* **Your instructions**
Print the line containing "Leaf Vase, White, Medium" and each line after it to the end of the material below. Print nothing else.

* **Collected material**
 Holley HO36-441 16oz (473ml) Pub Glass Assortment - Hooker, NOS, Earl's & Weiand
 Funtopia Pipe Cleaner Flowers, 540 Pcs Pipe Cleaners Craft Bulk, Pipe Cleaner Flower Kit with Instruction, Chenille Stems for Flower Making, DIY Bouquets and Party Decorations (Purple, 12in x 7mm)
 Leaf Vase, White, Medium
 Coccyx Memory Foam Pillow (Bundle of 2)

* **Solution**
 Leaf Vase, White, Medium
 Coccyx Memory Foam Pillow (Bundle of 2)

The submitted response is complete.